** Dataset section **
◆ ◆ ◆
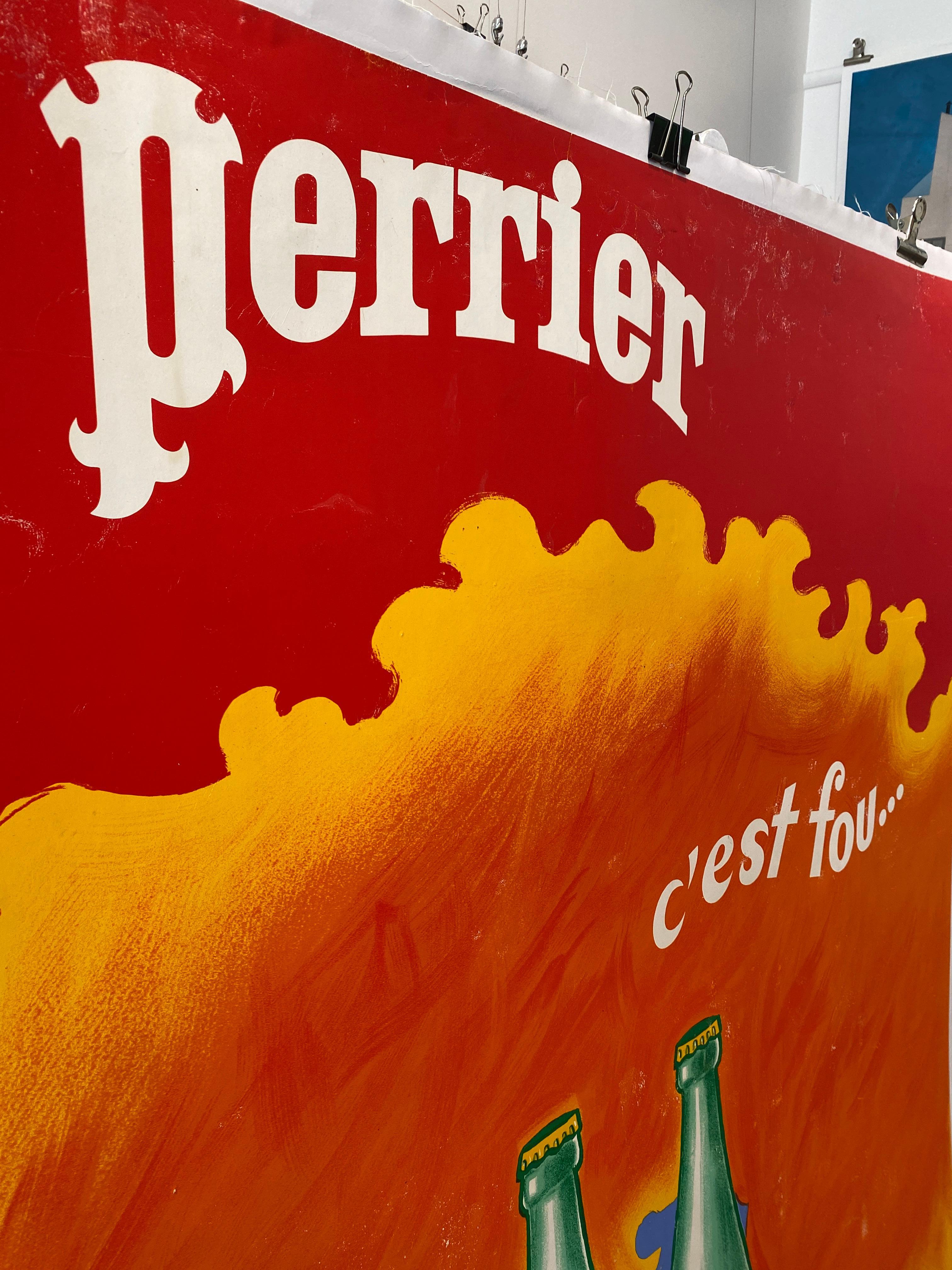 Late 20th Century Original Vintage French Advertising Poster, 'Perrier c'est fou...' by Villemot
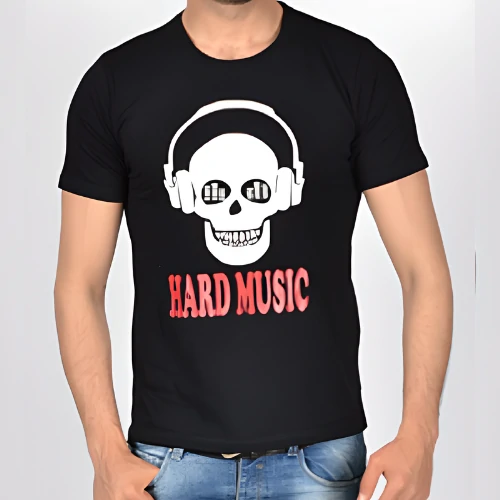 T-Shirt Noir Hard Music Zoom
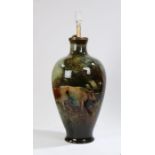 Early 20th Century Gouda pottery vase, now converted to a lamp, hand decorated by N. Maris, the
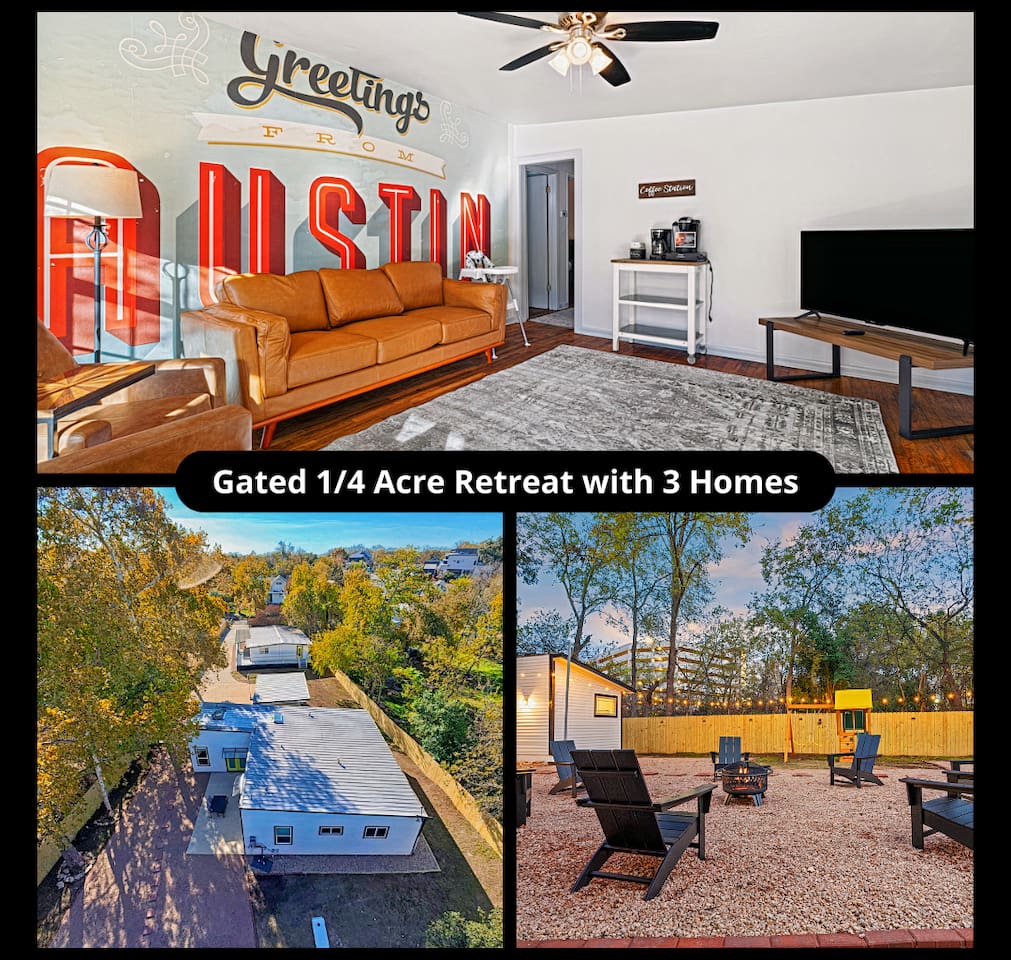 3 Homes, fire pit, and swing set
◆ ◆ ◆
** Work to complete **
Return each line above exactly; any pictures are to be skipped.

** Solution to the problem **
 Late 20th Century Original Vintage French Advertising Poster, 'Perrier c'est fou...' by Villemot
 T-Shirt Noir Hard Music Zoom
 Early 20th Century Gouda pottery vase, now converted to a lamp, hand decorated by N. Maris, the
 3 Homes, fire pit, and swing set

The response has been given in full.